Keşfü’l-mahcûb adlı Farsça eseriyle tanınan sûfî müellif Ebu’l-Hasen el-Hücvîrî (ö. 465/1072) Gazne’de doğdu. Babası Şeyh Osman’dan ilk dini bilgileri aldıktan sonra çeşitli yerleri gezmeye başladı. Hücvîrî, bu gezileri sırasında dönemindeki büyük sufilerle tanışma ve onlardan faydalanma imkânı buldu. Keşfü’l-mahcûb’dan anlaşıldığına göre Hücvîrî genellikle Gaznelilerin hâkimiyeti altındaki bölgelerde ikamet etmiş, bir yerde onların nüfuzu azalınca oradan ayrılmış, bu da onun daha çok yeri gezmesine sebep olmuştur. Gazneli Mahmud’un huzurunda yapılan ilmi toplantılara katılmış, bu toplantılardan birinde bir Hint bilgesiyle giriştiği tartışmada onu susturmuştur.
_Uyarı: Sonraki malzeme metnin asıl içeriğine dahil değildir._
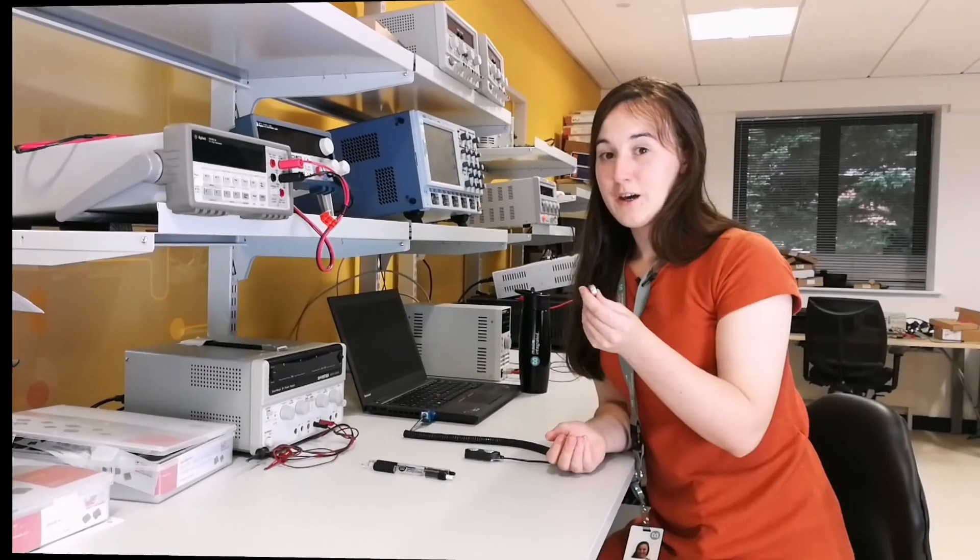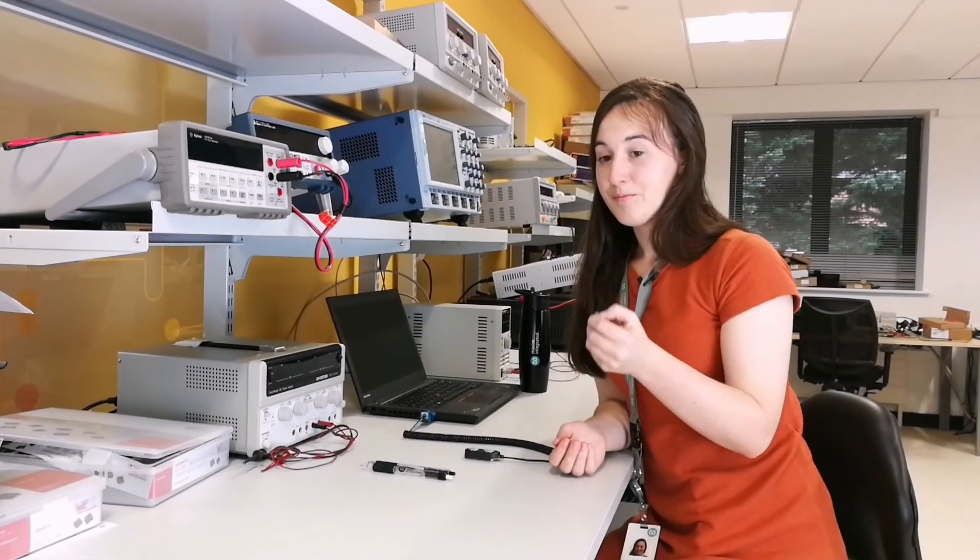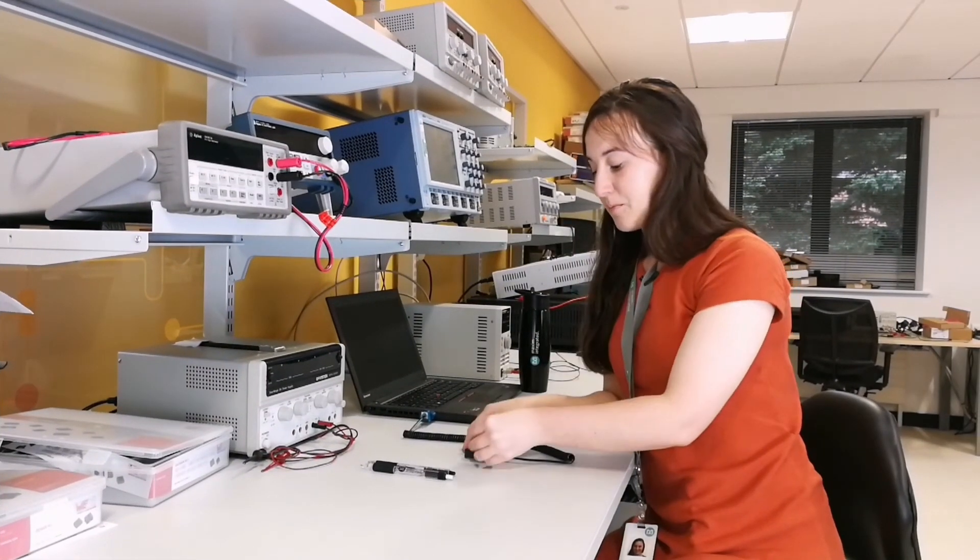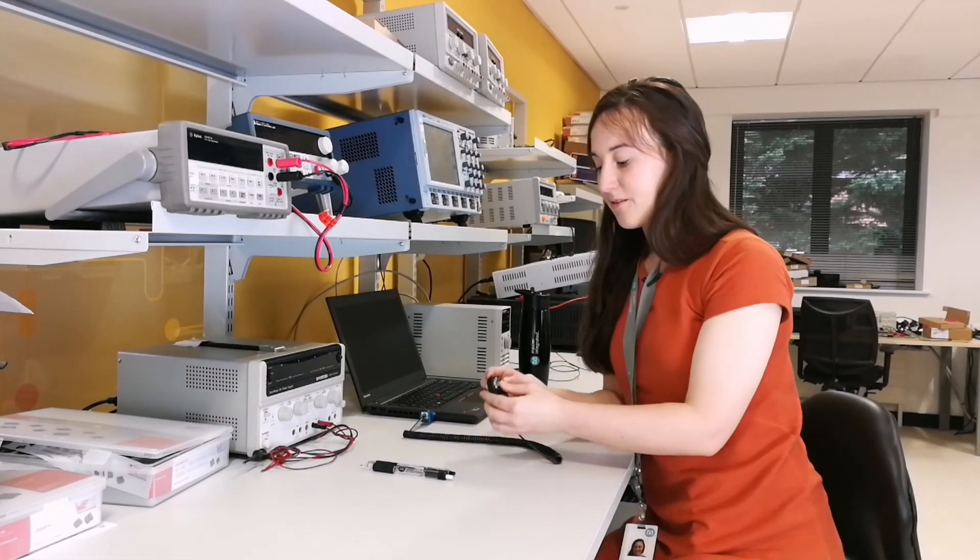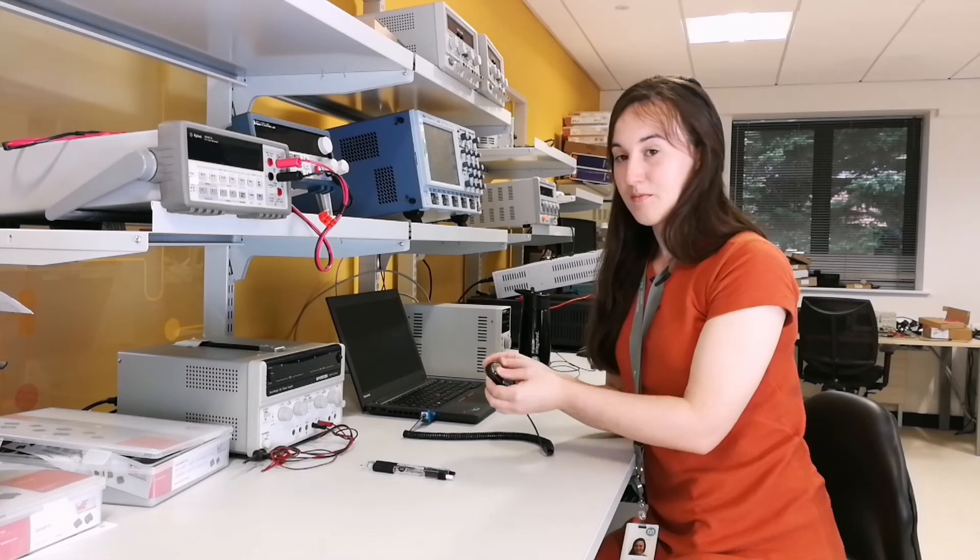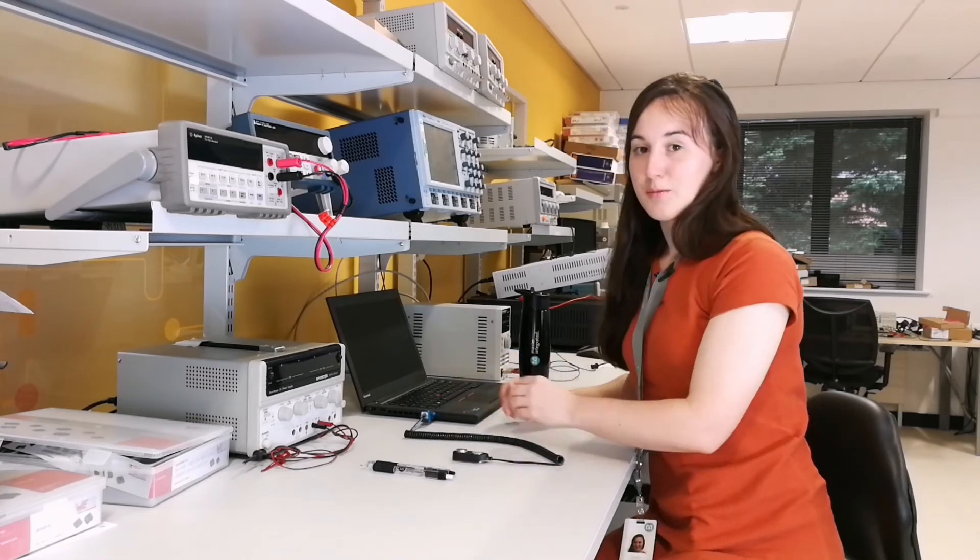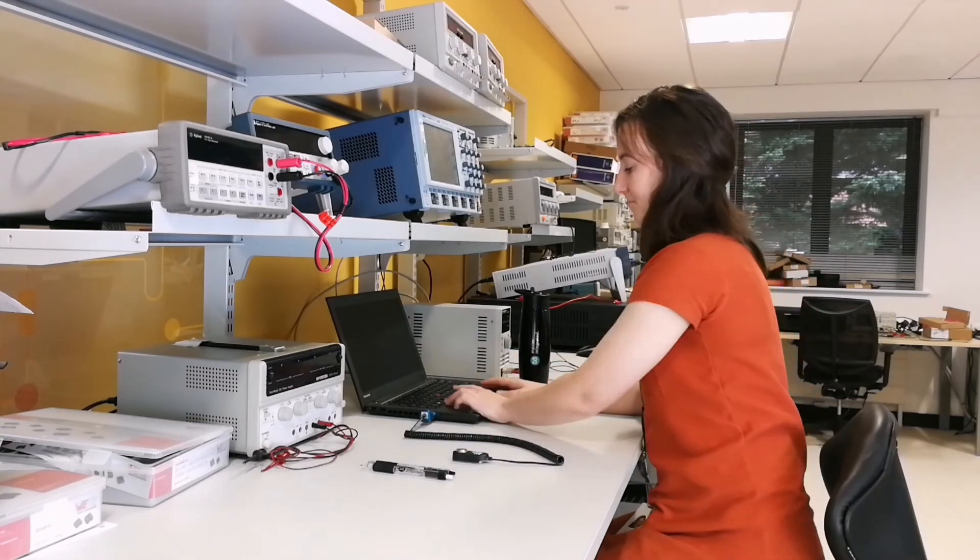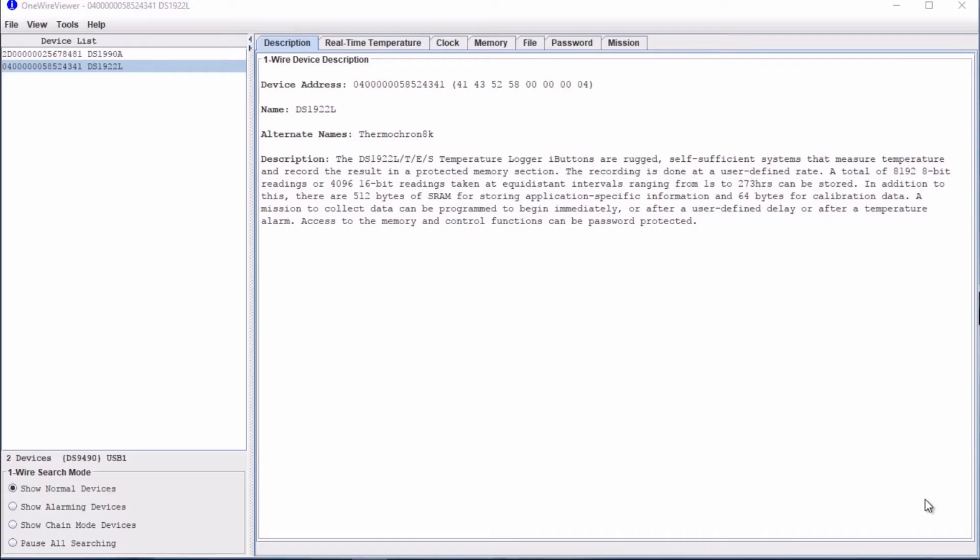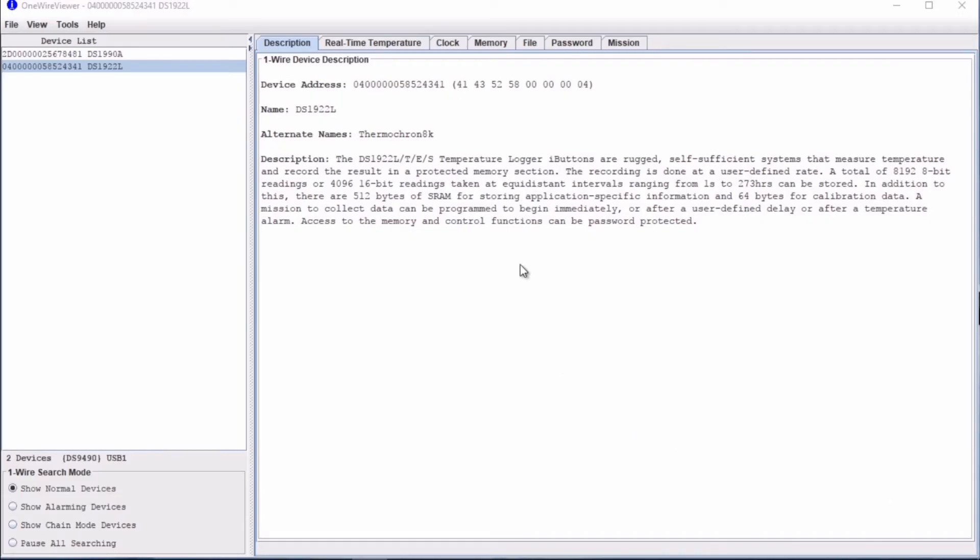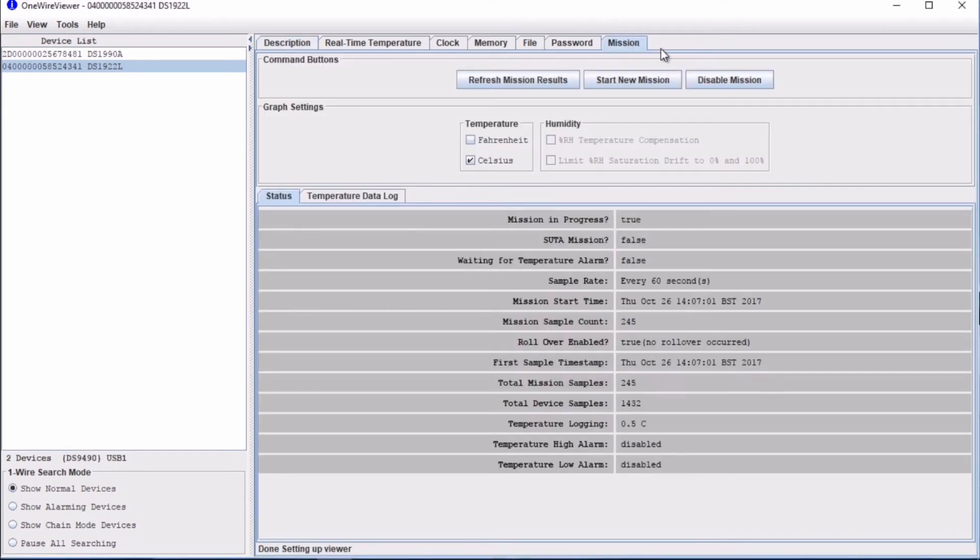So now I have the iButton. We just click it back into place and open up the OneWire viewer software. From here, we go back to the mission tab and click disable mission. This stops the iButton from logging more data.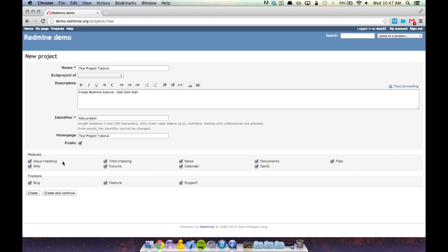Let's just go over the modules quickly: issue tracking, which we'll go more in depth on; wiki page, where you can simply create a wiki for each project so anyone entering can study up on what's going on; time tracking; forums; news; calendar; documents; Gantt chart; and files. We're going to include all of these. Down here we have different types of trackers. We can track an issue as a bug, as a feature we want to include within the project, or as support.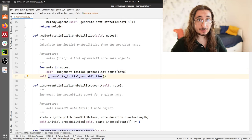We can backtrack to the train function. We now know how the train method works: we calculate the initial probabilities and we calculate the transition matrix. By now, the model is trained. The next step is generating a melody, and we have a dedicated public method for that — generate.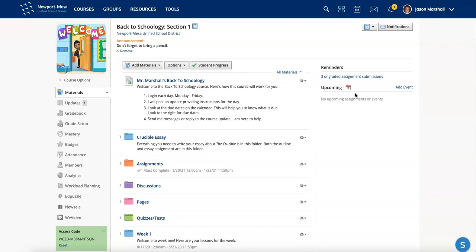The courses are tied to the grading period in Aries. So when that grading period ends, your courses will be archived.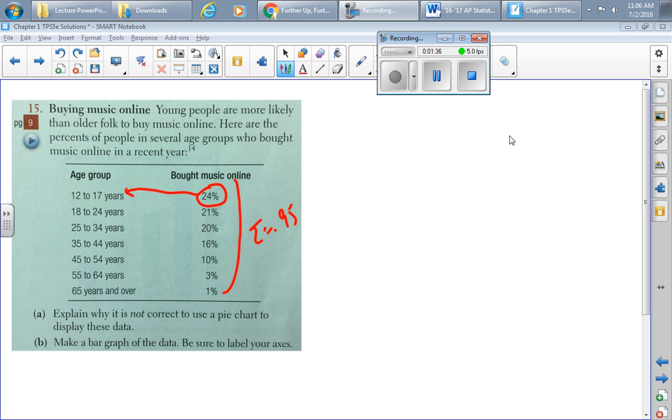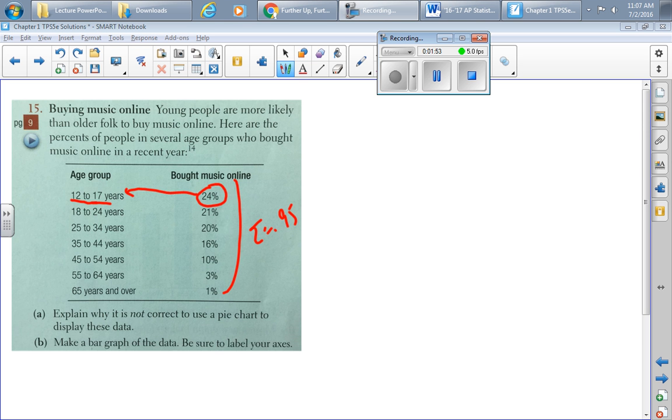It's not that 24 percent of the music bought online was from people 12 to 17 year olds. You catch that? Let me say it again. This 24 doesn't mean 24 percent of the music purchased was by this age group. What it means is 24 percent of the people in that age group bought music online. So this is not parts of a whole. That's why it's not correct.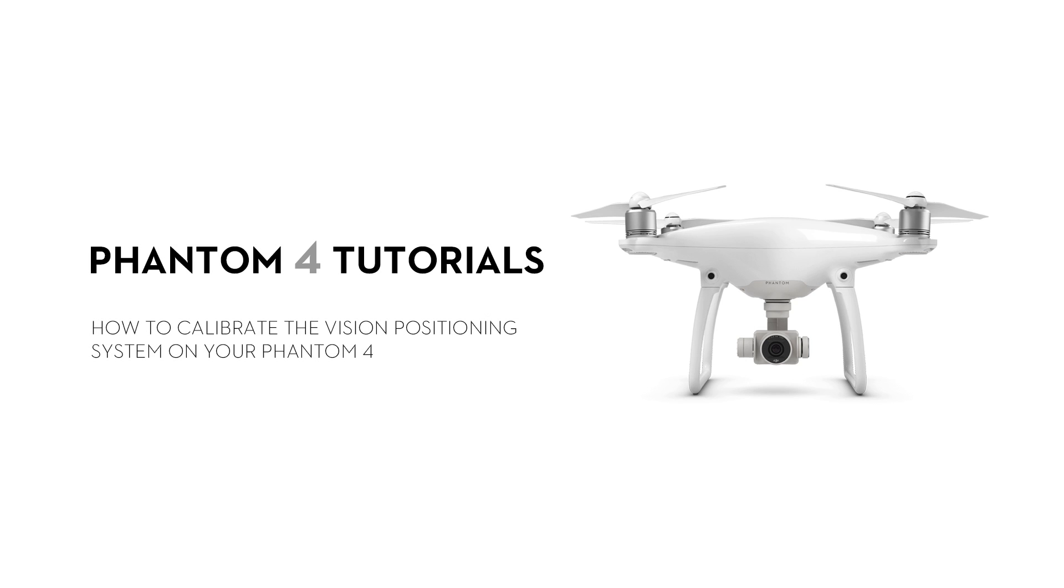Hello, and welcome to this DJI Phantom 4 tutorial video. This video will show you how to calibrate the vision positioning system on your Phantom 4.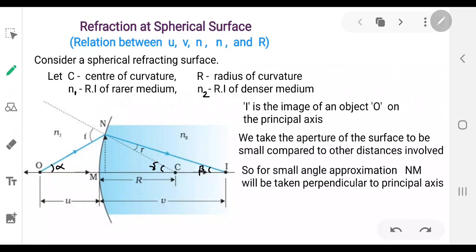Hello students. In this class, we are deriving the relation between object distance, image distance, the refractive index of the medium where the object is (n1), the refractive index of the medium where the image is formed (n2), and the radius of curvature of the spherical surface. This equation is derived by refraction at a spherical surface.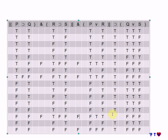We can see that this conditional is true all the way down for every possible combination of truth values of P, Q, R, and S. That demonstrates that the constructive dilemma is a valid argument form.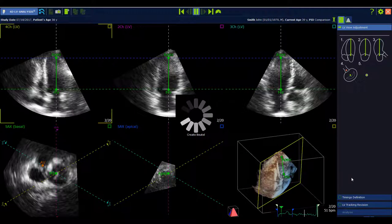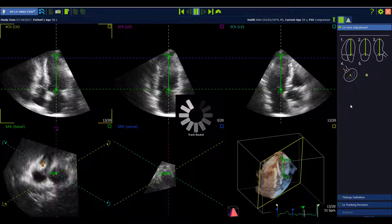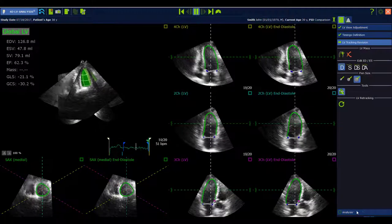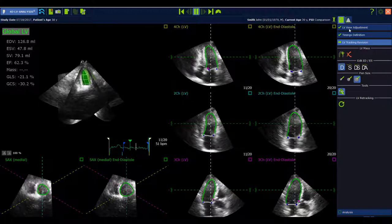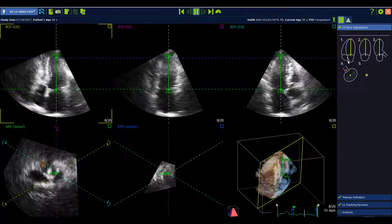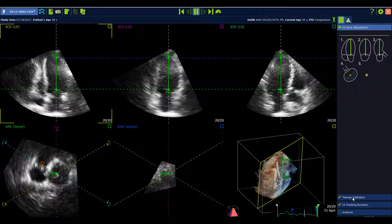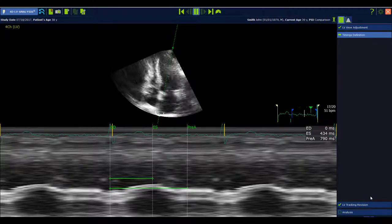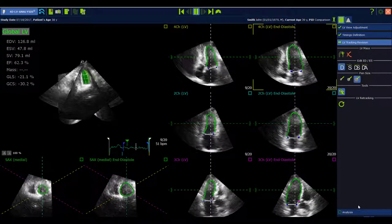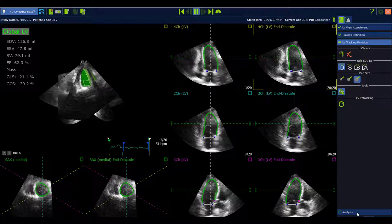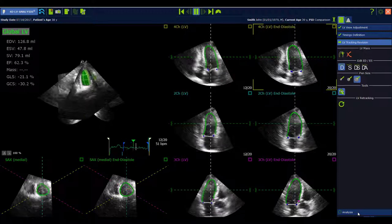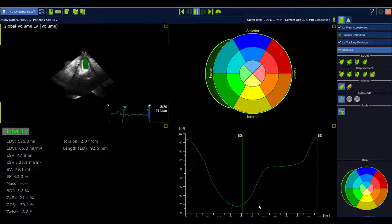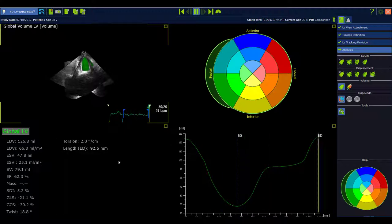For the LV analysis, the workflow has changed — there is now a direct start in the analysis state, so the software automatically jumps to the analysis on launch. It is always possible to go back to the view adjustment, where the GUI now describes the steps you have to perform. Then there is the timing definition step, followed by LV tracking revision where you can see the tracking of the full heart cycle and perform contour adjustments. The last step is the analysis, which is familiar but now includes an added measurement: the length of the ventricle.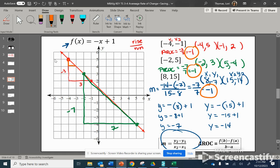Again, because this is a linear function, all of your average rates of change simplify to negative 1 — linear functions always have a constant rate of change. Down 1, right 1; down 1, right 1. No matter what two points you choose, it will always simplify to the same value.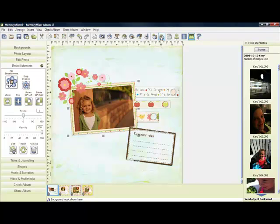I can select backward, and you can see the item is going behind, or the frame is going behind.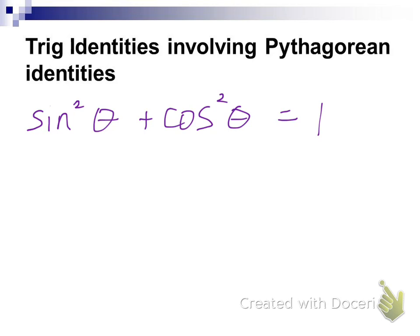Sine squared of theta plus cosine squared of theta equals one. This is the foundational trig identity. Now out beside that on your formula sheet, draw an arrow up at an angle because there are two sub-identities to this that are equally important.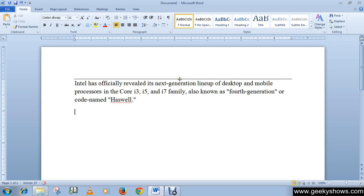So this is how you can add border to your text. Thanks for watching this video.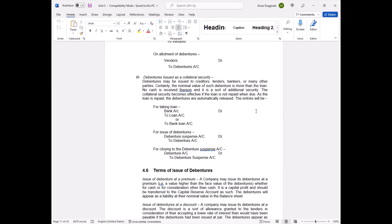When you repay the loan, the bank releases your debentures just like returning a fixed deposit. At that point, debenture suspense account is credited and debenture account is debited, closing out the collateral arrangement. Very simple.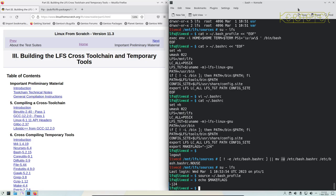Now we're into part three where we start the actual building of Linux from Scratch. This used to be in two chapters or two parts, where we build a cross toolchain and temporary tools, but it's all one part now. There are two slightly different, or very different, things that we're doing.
Asıl mürşidi Ebü’l-Fazl el-Huttelî olmakla birlikte Hücvîrî başka bazı sufilerden de istifade etmiş, bunlar hakkında Keşfü’l-mahcûb’da bilgi vermiştir. Tasavvufta Cüneyd-i Bağdâdî’nin görüşlerini benimsediğini, şekle önem veren âlim ve sufilere karşı olduğunu söyler. Birçok mutasavvıfla görüşen Hücvîrî bunların bir kısmından faydalanmış, bazılarını da eleştirmiştir. Muhâsibî kadar akla önem vermekle beraber Bâyezîd-i Bistâmî ve Hallâc-ı Mansûr gibi sufileri candan sever ve onları takdir eder. Hücvîrî geniş, hür ve müsamahalı bir düşünceye sahiptir; hayranı olduğu Hallâc’a uyulmaması ve onun örnek alınmamasını tavsiye edecek kadar da mantıklıdır. Hücvîrî, tasavvufi hayatın derinliklerini kavramak ve bunları ifade etmek için akli ve mantıki ölçüleri ve ilkeleri mümkün olan en geniş şekilde kullanmıştır.